Dem ist uneingeschränkt zuzustimmen. Nach dem Gesagten haben die schweizerischen Behörden jedoch kein Unrecht begangen, um den Beschwerdeführer verhaften und ihn – wie die Mitangeschuldigten – dem hiesigen Strafverfahren zuführen zu können. Wesentlich ist der gute Glaube der schweizerischen Behörden (Schultz, a.a.O., S. 73). Dafür, dass ihnen dieser gefehlt hätte, enthalten die Akten keine Anhaltspunkte (E. 2.6).
Der vom Bundesgericht festgestellte Sachverhalt ist mir nicht ganz geheuer. Danach wusste der Beschwerdeführer vor dem Abflug nur, dass er sich im Gewahrsam der Zürcher Polizisten befand, nicht aber, dass er in Zürich verhaftet würde. Wäre er wirklich so kooperativ gewesen, wenn er dies gewusst hätte? Ist er faktisch nicht bereits vor dem Abflug verhaftet worden? Wurde er da über seine Rechte aufgeklärt? Ist das ganze vielleicht nicht doch ein Polizeitrick gewesen?

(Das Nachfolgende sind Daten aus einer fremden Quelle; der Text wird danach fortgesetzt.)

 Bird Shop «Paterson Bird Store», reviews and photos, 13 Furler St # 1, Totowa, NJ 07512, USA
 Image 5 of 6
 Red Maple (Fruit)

Da bin ich froh, dass das Ganze auch Juristen nicht “ganz geheuer” ist, denn beim lesen eines entsprechenden Artikels in einer Zeitung ging mir genau dasselbe durch den Kopf. Wenn das BG festellt, dass die Schweiz (und somit die Polizisten) “weder Zwang, List, Drohung noch sonstwie einen “üblen Polizeitrick” [..] angewandt hat”, so frage ich mich auch, wieso sonst der Angeschuldigte dann freiwillig zusammen mit den Polizisten das Flugzeug bestiegen hat.
Einziger Grund für den Angeschuldigten könnte allenfalls der nicht sehr luxuriöse Gefängnisaufenthalt in Santo Domingo gewesen sein. Allerdings dürften die Schweizer Polizisten den Angeschuldigten wohl nicht darüber aufgeklärt haben, dass sie womöglich gar keine Rechtsgrundlage haben, ihn in die Schweiz zurückzuführen…
Der Mann wurde nicht von den Schweizer Behörden (der ZH Kantonspolizei) zurückgeführt.
Er wurde von den Behörden der Dom. Rep. gezwungen, das Flugzeug zu besteigen (da er aus dem Land ‘ausgeschafft’ wurde). Der Zwang, mit den Zürcher Polizisten zusammen das Flugzeug zu besteigen, war ein indirekter (der Mann wusste einfach DIESES bewusste Flugzeug besteigen); der Zwang ging von den Dom. Rep.-Behörden aus, welche in ihrem eigenen Land dazu natürlich berechtigt sind.